Banyak sudah tenaga-tenaga pendidikan yang dikirim ke luar negeri untuk menyelesaikan program master dan atau doktoralnya, akan tetapi sekembalinya mereka ke negeri ini, tak banyak yang bisa mereka lakukan, hal ini karena adanya perbedaan antara yang harus mereka lakukan dengan kebijakan yang ada, walau di antara mereka ada yang menduduki posisi kunci dalam kementerian pendidikan.
Pesantren sebagai bagian yang tak terpisahkan dari dunia pendidikan Indonesia, ternyata dalam keterbatasannya, mampu melebihi lembaga-lembaga pendidikan sekuler, dalam kaitan dengan pengakuan internasionalnya, sebagai misal Pondok Modern Gontor, dan banyak lagi pesantren telah mendapatkan pengakuan dari Mesir atau negara Arab lainnya. Sementara sampai saat ini belum satu pun universitas di luar negeri, yang meluluskan ijasah SMU sebagai persyaratan masuk langsung ke universitas.

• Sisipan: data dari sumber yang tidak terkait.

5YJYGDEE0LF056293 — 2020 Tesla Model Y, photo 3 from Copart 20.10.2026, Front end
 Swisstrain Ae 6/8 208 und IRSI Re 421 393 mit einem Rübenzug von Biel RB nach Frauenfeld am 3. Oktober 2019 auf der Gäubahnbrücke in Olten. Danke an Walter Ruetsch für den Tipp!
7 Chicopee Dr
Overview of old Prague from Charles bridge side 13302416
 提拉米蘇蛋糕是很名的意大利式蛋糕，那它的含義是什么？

Universitas di Inggris, New Zealand, Australia dan banyak negara maju lainnya, mempersyaratkan dua semester di perguruan tinggi untuk bisa diterima langsung, belum termasuk penilaian kecakapan berbahasa Inggris, yang rata-rata harus memperoleh skor 550 untuk TOEFL dan 650 untuk IELTS, dan untuk itu dibutuhkan tambahan waktu antara enam bulan sampai dengan satu tahun.
Masih banyak lagi hal-hal penting, yang sama sekali belum tersentuh oleh sentuhan internasional, terutama dalam kaitan dengan perubahan kurikulum pendidikan menengah maupun tinggi, yang kesemuanya sangat erat kaitannya dengan rekognisi dan akreditasi international.
Al-Zaytun sebagai salah satu pelaku aktivitas pendidikan, sangat menyadari hal tersebut di atas, dan oleh sebab itu sejak berdirinya sampai pada usianya yang kelima, berupaya untuk memberikan sentuhan-sentuhan internasional, dengan harapan jika tiba saatnya nanti, lembaga pendidikan ini benar-benar menjadi lembaga pendidikan internasional, sekaligus sebagai “Center of Excellence”.